* Work to be completed: Reproduce from the records below, with no pictures, exactly the lines between the one containing "Single Carnation - White" and the one containing "cis-trans Isomerization of", inclusive.

* Data to use:
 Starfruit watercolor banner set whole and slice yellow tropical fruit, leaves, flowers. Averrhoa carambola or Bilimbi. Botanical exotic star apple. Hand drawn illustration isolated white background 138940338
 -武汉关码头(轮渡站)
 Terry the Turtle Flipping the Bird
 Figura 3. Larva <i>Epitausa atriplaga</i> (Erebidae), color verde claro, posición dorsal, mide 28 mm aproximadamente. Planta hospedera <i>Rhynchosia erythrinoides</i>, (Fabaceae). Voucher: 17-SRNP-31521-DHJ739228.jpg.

* * *

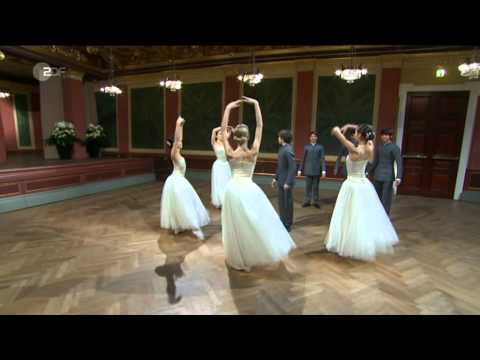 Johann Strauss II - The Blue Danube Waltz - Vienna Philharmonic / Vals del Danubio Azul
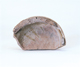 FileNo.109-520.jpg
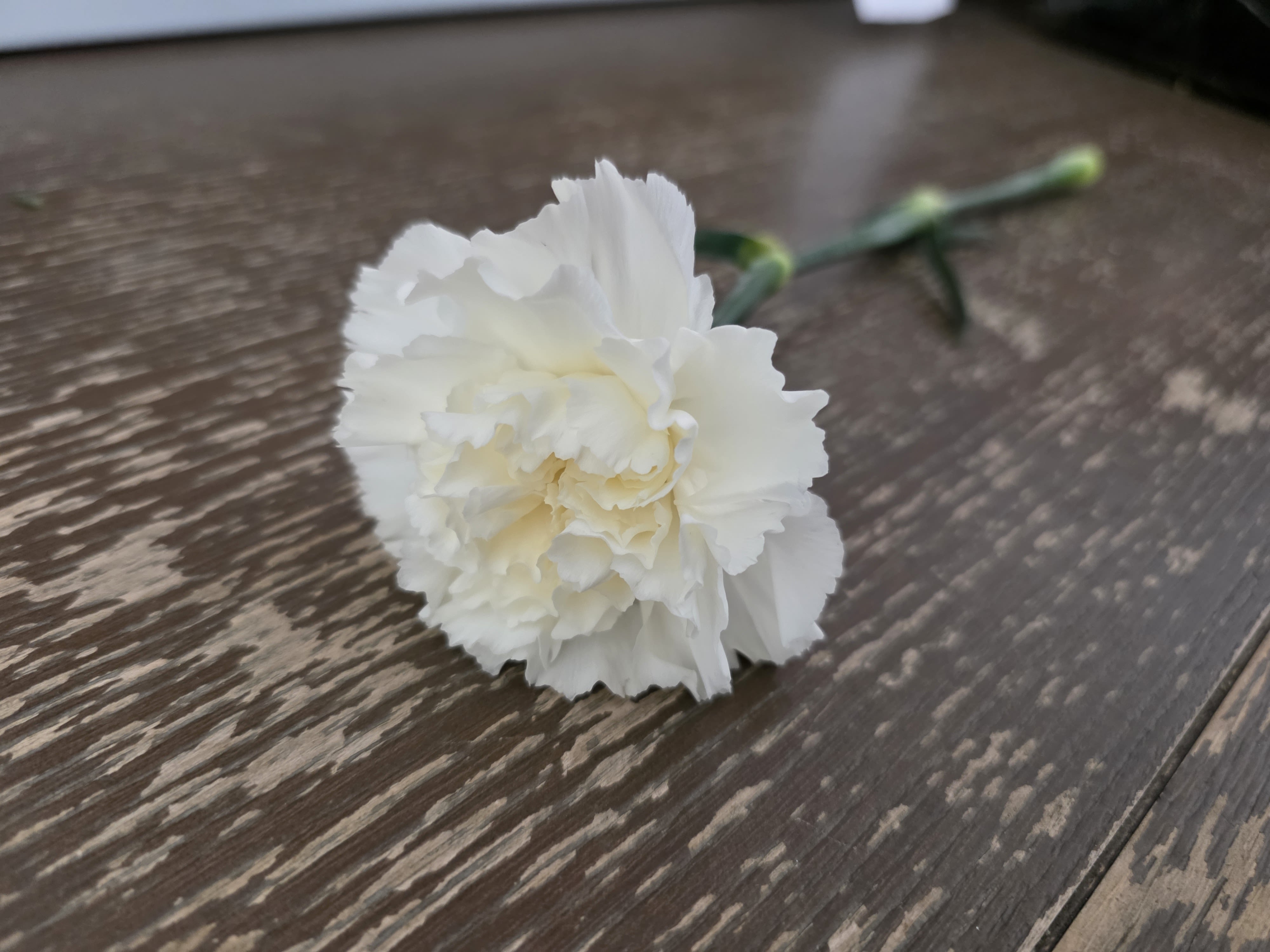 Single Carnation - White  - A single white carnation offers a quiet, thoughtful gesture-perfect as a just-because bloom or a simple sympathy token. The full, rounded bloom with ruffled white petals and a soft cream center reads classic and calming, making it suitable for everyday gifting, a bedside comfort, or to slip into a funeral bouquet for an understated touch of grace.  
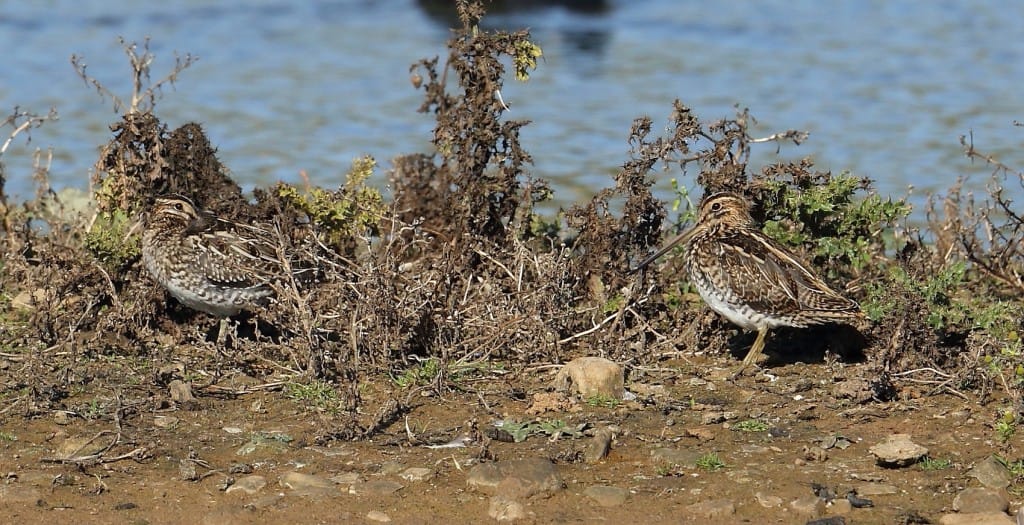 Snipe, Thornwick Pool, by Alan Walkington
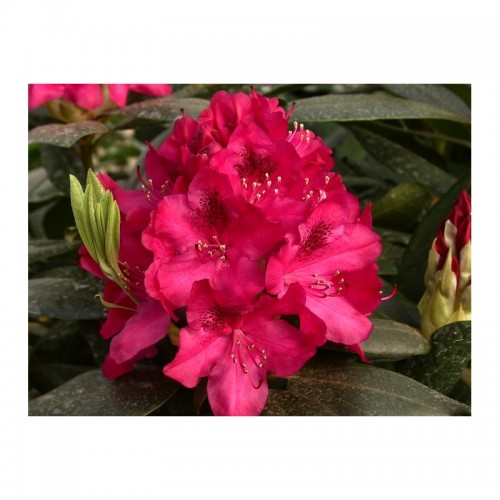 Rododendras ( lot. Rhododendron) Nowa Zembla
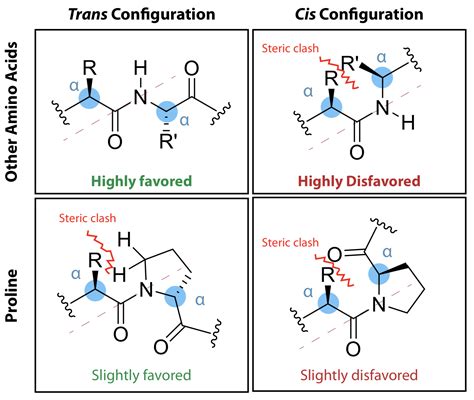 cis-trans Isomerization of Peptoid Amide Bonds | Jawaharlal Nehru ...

* * *

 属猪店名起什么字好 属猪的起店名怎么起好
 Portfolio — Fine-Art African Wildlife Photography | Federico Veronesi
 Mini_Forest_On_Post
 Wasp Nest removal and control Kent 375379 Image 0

* Exercise response:
 Single Carnation - White  - A single white carnation offers a quiet, thoughtful gesture-perfect as a just-because bloom or a simple sympathy token. The full, rounded bloom with ruffled white petals and a soft cream center reads classic and calming, making it suitable for everyday gifting, a bedside comfort, or to slip into a funeral bouquet for an understated touch of grace.  
 Snipe, Thornwick Pool, by Alan Walkington
 Rododendras ( lot. Rhododendron) Nowa Zembla
 cis-trans Isomerization of Peptoid Amide Bonds | Jawaharlal Nehru ...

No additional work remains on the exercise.